È anche per questo che il convegno, durante il quale i partecipanti avranno modo di interagire con i relatori attraverso un’apposita piattaforma social creata ad hoc, è stato accreditato dall’Ordine degli Ingegneri di Bologna e dal CNI e pertanto verranno riconosciuti 3 crediti formativi a tutti gli iscritti che parteciperanno.

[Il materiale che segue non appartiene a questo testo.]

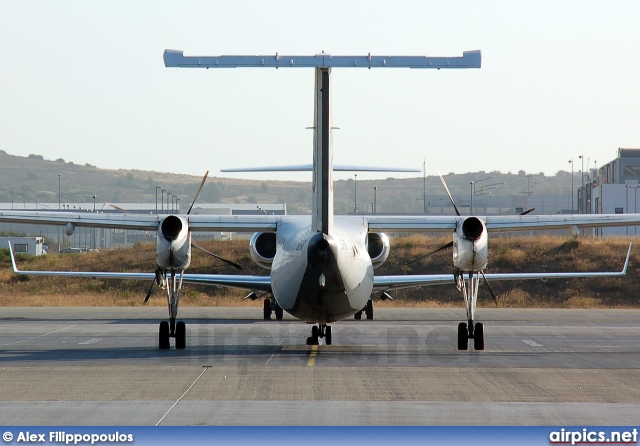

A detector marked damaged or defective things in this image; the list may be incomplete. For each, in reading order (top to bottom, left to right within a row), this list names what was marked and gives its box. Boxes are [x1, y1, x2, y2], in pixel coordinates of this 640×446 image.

pavement crack [156, 368, 210, 426]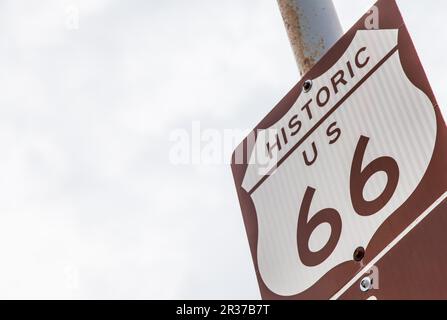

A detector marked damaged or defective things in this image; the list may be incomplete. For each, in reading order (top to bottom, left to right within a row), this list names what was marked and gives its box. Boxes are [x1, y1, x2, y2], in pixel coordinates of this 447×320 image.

rusty metal pole [278, 0, 344, 75]
rust stain on pole [278, 0, 344, 75]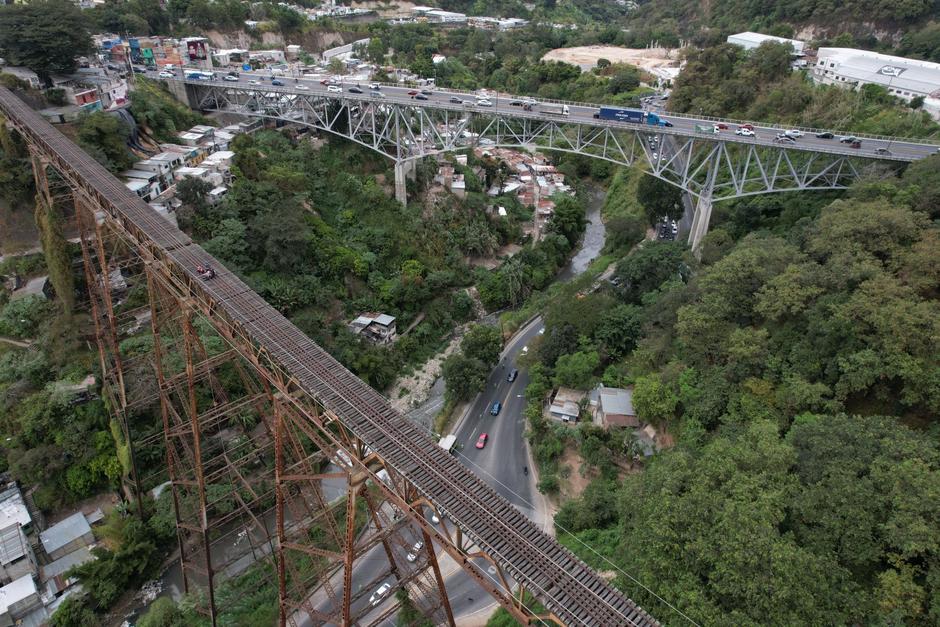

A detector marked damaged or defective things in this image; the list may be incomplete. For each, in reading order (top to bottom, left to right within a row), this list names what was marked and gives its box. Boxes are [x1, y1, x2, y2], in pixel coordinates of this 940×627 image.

rusty railway viaduct [0, 84, 660, 627]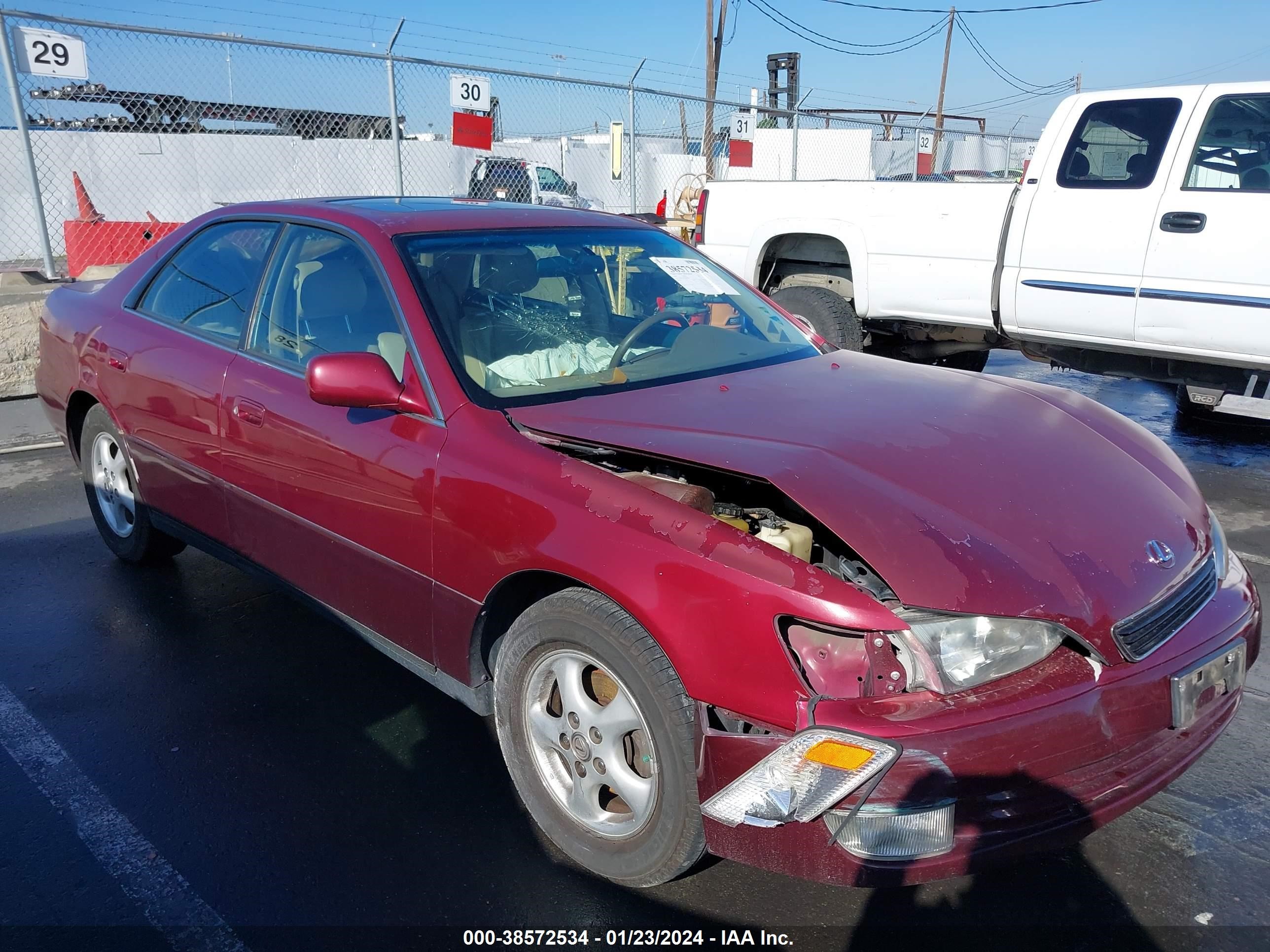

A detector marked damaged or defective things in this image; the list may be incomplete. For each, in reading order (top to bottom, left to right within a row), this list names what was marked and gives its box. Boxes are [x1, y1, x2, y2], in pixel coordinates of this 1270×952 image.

“L’avere potuto collaborare con il Ministero dell’Ambiente per la diffusione di soluzioni di illuminazione più sostenibili ed efficienti, è un elemento estremamente qualificante della nostra strategia aziendale” spiega Stefano Venier, Amministratore Delegato Hera “Come local utility siamo infatti impegnati ogni giorno a promuovere servizi e tecnologie innovative per rendere più smart e sostenibili le città in cui operiamo. Ciò vale non solo nel campo dell’illuminazione pubblica, ma anche nella gestione delle reti, nei servizi ambientali ed energetici. In particolare, questo evento nasce per meglio orientare le scelte delle amministrazioni e di tutti gli altri soggetti coinvolti nella filiera dell’illuminazione pubblica. Sono certo potrà essere un momento di discussione, aggiornamento, verifica e, perché no, ispirazione per fornire risposte univoche alle esigenze specifiche collegate allo stato delle infrastrutture di illuminazione e al livello di servizio che si vuole offrire ai cittadini”.